The Siemens 6ES7195-0BB20-0XA0 is the ASIC SPM 2, a dedicated slave controller for PROFIBUS DP that handles the entire bus access protocol inside the chip. No external microprocessor is required, and no firmware development is necessary for basic operation. It's rated for transmission rates up to 12 Mbit/s with automatic baud rate detection, and it's tailored for simple slave applications with up to 64 I/O bytes. Housed in a PQFP 120-pin package with an ASIC housing size of 10 cm², the chip draws a maximum power loss of 0.5 W. It operates over a temperature range of -40 °C to 55 °C (worst case with full load).
Sourcing reality
The part is delivered in trays of 100 pieces per tray box. That packaging is factory-original; verify your pick-and-place feeder compatibility if you're ordering partial quantities, but we quote full-tray multiples by default.
What the ratings mean for integration
The 12 Mbit/s transmission rate is the maximum PROFIBUS speed; the ASIC auto-detects the network baud rate, so it can be used in mixed-speed segments. Because bus access is handled internally, no external protocol chip or CPU is needed — just a 5 V supply and a standard PROFIBUS transceiver. The 0.5 W power loss is low enough that no heatsink is required in normal airflow. The temperature range of -40 °C to 55 °C covers most industrial enclosures. If your cabinet runs hotter than 55 °C at full I/O load, you'll need forced air or a derating assessment. The PQFP 120-pin footprint is standard, so PCB layout is straightforward with datasheet-landing pattern.
Why this part, not a PLC or I/O module
This is a chip-level component, not a finished module.

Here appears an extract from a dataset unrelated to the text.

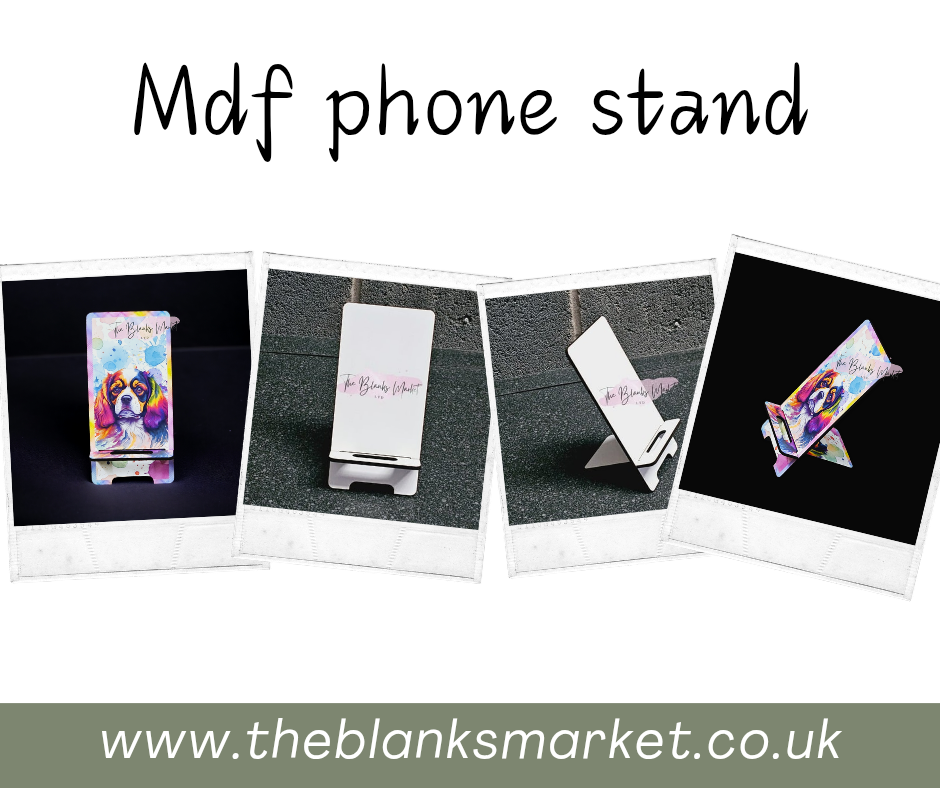 Mdf blank phone stand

It's intended for OEMs designing a PROFIBUS DP slave into their own hardware — drives, encoders, valve manifolds, or custom I/O boards. It replaces a microcontroller plus code with a single ASIC, saving development time and certification effort. The firmware scope is listed as 'not necessary', so once the hardware is laid out, the PROFIBUS stack is already inside the silicon.